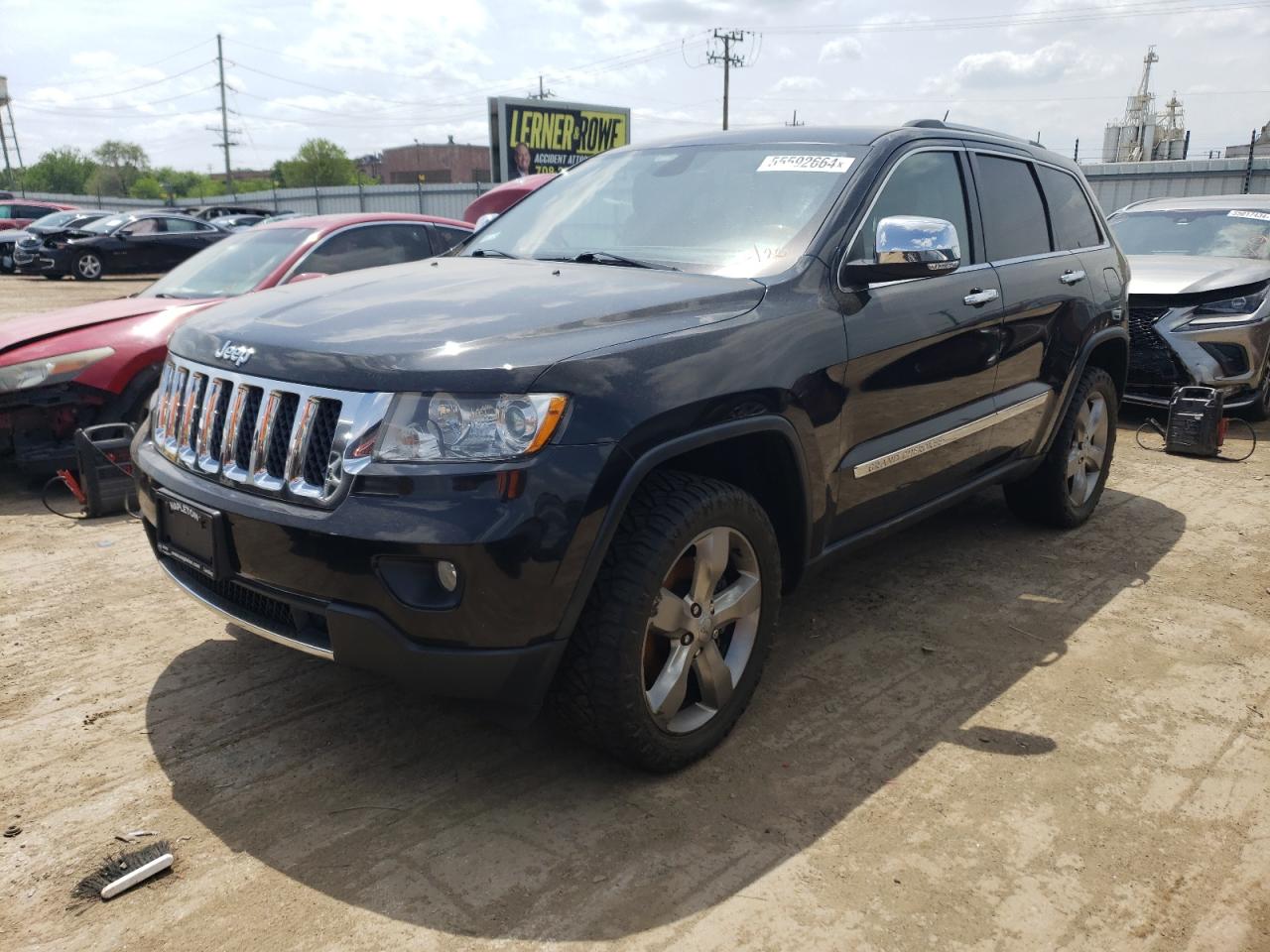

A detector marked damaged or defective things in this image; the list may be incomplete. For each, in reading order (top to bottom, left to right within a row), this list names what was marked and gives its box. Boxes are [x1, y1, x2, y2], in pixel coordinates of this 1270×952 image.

damaged lexus suv [134, 123, 1127, 770]
damaged lexus suv [1103, 193, 1262, 416]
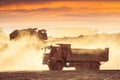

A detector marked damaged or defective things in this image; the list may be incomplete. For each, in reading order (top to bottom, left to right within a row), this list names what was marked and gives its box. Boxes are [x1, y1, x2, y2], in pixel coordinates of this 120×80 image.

rusty truck body [42, 44, 109, 71]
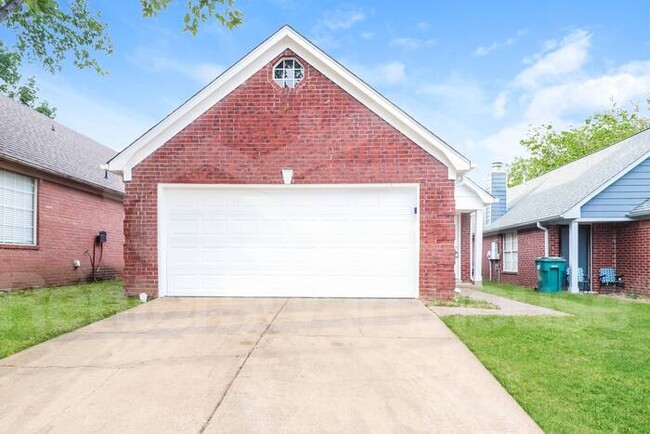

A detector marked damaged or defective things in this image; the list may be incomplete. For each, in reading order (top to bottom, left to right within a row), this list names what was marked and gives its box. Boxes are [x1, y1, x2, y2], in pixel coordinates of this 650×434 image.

driveway crack [199, 298, 288, 434]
⁂
- [PROBLEM STATEMENT]
Can you retype every record above exactly, leaving out the pictures?

- [SOLUTION BELOW]
A detector marked damaged or defective things in this image; the list may be incomplete. For each, in reading order (top to bottom, left to right within a row), this list names what was marked and gives its box. Boxes are [x1, y1, x2, y2], in pixel coordinates of this 1270×952 image.

damaged lexus suv [134, 123, 1127, 770]
damaged lexus suv [1103, 193, 1262, 416]

A detector marked damaged or defective things in this image; the list may be incomplete. For each, in reading order (top to bottom, left to right within a row), this list names what was marked and gives its box. Boxes are [x1, y1, x2, y2], in pixel coordinates of this 120×80 image.

rusty truck body [42, 44, 109, 71]

A detector marked damaged or defective things in this image; the list may be incomplete. For each, in reading order (top to bottom, left to right within a row), this list names what was marked and gives its box. Boxes are [x1, y1, x2, y2], in pixel coordinates of this 650×434 image.

driveway crack [199, 298, 288, 434]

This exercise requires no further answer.